In wenigen Tagen beginnt die Fußball-Weltmeisterschaft. Selbst hartgesottene Fans des runden Leders (vielleicht sogar gerade die!) können sich nicht daran erinnern, schon einmal derart lustlos auf eine Fußballweltmeisterschaft geschaut zu haben. Wo man sich früher selbst auf Spiele wie Senegal gegen Tunesien freute, regiert nun die Teilnahmslosigkeit.

Was ist mit diesem Sport passiert? Ein Blick auf den aktuellen Zustand des Fußballs. Dieser Blog ist etwas länger als die üblichen Blogs – Resultat der großen Leidenschaft des Autors, der den Fußball noch nicht komplett aufgegeben hat, aber mit großen Sorgen auf seinen Lieblingssport schaut.


Der Mythos des Maracanã-Stadions

Quelle: www.deutschlandfunk.de

Beginnen möchte ich mit der letzten WM, vielmehr mit dem Stadion, in dem Deutschland 2014 Weltmeister wurde: das Maracanã-Stadion in Rio de Janeiro. Anfang 2017 gingen Bilder um die Sportwelt, die jeden Fußballfan erschüttern mussten – aber bezeichnenderweise nur wenig Reaktion hervorriefen: die Bilder des verrottenden Maracanã-Stadions in Rio de Janeiro.

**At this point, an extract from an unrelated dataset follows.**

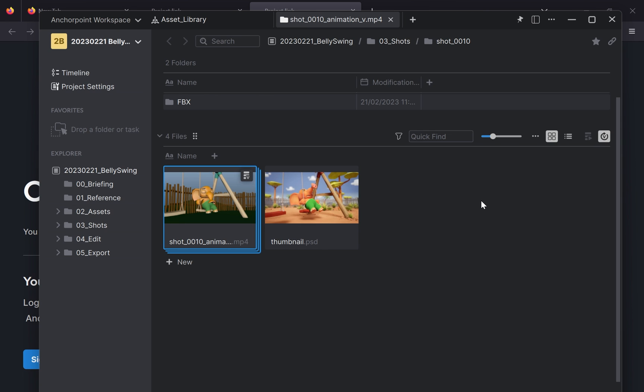Everything I showed you works with the free version of AnchorPoint. If you want to implement this in a team—let's say in your organization, in your studio—you need to have a paid version of AnchorPoint because there you can invite members into your project and you can share everything between your team.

Um die Tragweite dieser Bilder zu ergreifen, muss man ein paar Jahrzehnte in die Geschichte zurückgehen.

Es ist der 16. Juli 1950, Anpfiff im Maracanã-Stadion zum entscheidenden Gruppenspiel der Finalrunde der Fußballweltmeisterschaft. Ein schwüler Nachmittag, dessen drückende Hitze sich auf das Publikum zu übertragen schien. Etwa 220.000 Menschen, die größte Menschenmenge, die je ein Fußballspiel live verfolgte, war in das Stadion geströmt. Die Euphorie im Land war erdrückend. Ganz Brasilien will, ja muss endlich Weltmeister werden. Glanzvolle Namen wie Ademir, Zizinho, Jair und Friaça hatten das Land zum absoluten Favoriten gemacht.

Mühelos war die „Seleção“ durch das Turnier spaziert und brauchte nur noch ein Unentschieden gegen den Außenseiter Uruguay, um den ersehnten Titel zu holen. Als Friaça in der 47. Minute das 1:0 erzielt, versinkt das riesige Rund des Maracanã in einem kollektiven Freudentaumel, Böllersalven schießen in den flimmernden Nachmittagshimmel.

Dann der Schock: Schiaffino gleicht in der 66. Minute für Urugay aus. Der entscheidende Angriff dann in der 79. Minute, der das Stadion von einem Augenblick zum nächsten totenstill machen wird: Uruguays Ghiggia geht auf der rechten Seite durch, nähert sich dem brasilianischen Torhüter Barbosa. Jeder rechnet mit einer Flanke in die Mitte, aber Ghiggia zielt auf das kurze Eck und macht das 2:1. Die Entscheidung. Das ganze Land ist betäubt und unter Schock, alleine im Stadion gibt es mehrere Selbstmorde.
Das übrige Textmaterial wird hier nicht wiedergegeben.